Just a few hours before polling stations were to close across Israel, he said the Arab Israelis are being bussed "in droves" by left-wing organisations in order to topple his government.
His election day statement garnered harsh criticism from within Israel and abroad, from centre-left politicians, from the Israeli president, as well as the White House.
"I know that what I said a few days ago offended some of Israel' s citizens, offended Israeli Arabs. I had no intention in doing so, I am sorry for this," Netanyahu said in the statement.
"My actions as prime minister, including major investments in the minorities sector, prove the complete opposite.

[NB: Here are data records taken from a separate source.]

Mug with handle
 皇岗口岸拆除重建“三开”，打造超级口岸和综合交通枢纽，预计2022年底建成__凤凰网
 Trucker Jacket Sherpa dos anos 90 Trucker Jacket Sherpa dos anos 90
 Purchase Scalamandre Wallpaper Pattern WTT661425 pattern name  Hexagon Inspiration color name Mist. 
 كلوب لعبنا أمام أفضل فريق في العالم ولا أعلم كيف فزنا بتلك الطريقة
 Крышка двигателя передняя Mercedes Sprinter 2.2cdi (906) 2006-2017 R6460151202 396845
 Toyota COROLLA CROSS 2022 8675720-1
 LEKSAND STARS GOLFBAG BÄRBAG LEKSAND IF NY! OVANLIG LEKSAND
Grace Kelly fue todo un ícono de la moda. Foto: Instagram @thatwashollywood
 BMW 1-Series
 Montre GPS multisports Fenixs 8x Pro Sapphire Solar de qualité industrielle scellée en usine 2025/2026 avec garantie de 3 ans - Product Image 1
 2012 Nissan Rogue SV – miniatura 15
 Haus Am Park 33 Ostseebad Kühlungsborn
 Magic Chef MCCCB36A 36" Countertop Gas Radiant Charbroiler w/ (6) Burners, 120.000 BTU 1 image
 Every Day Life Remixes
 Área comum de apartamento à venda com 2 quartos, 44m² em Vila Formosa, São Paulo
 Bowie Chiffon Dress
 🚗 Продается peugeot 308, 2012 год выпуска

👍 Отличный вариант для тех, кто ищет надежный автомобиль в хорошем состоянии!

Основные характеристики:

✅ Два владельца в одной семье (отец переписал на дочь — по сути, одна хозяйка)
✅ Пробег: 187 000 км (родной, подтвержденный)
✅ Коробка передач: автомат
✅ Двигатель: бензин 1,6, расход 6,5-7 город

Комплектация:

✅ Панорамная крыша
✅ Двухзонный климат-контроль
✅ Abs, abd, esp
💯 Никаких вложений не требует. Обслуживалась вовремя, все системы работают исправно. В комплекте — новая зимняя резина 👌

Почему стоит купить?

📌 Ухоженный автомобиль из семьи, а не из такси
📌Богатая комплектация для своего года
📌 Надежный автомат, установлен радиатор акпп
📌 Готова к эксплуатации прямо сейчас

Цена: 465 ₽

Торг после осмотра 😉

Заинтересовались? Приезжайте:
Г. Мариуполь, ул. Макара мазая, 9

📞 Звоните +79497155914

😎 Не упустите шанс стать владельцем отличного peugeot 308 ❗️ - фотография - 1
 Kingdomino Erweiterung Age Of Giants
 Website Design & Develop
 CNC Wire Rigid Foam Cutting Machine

I also think no element outside the state of Israel should interfere in our democratic process," Netanyahu added, referring to his claims that European government and foreign bodies funded left-wing organizations in order to topple his regime. He did not offer prove for these claims.
"I view myself as prime minister of each and every one of you, all Israeli citizens, regardless of religion, race and gender," Netanyahu said.
However, Arab politicians were not impressed by Netanyahu's apology.
Leader of the Joint List, Aymen Odeh, wrote on his Facebook page that Netanyahu's apology is "deceitful."
"As long as Netanyahu promotes racist legislation and does not promote real equality, his apology is not accepted or credible in any way," Odeh said.
Members of the Arab Joint List also turned to Attorney General Yehuda Weinstein last week, following the controversial remark, in order to try Netanyahu for his comments.
According to the final election results, the Zionist Union list got 24 seats, and will serve in the opposition in the next parliament.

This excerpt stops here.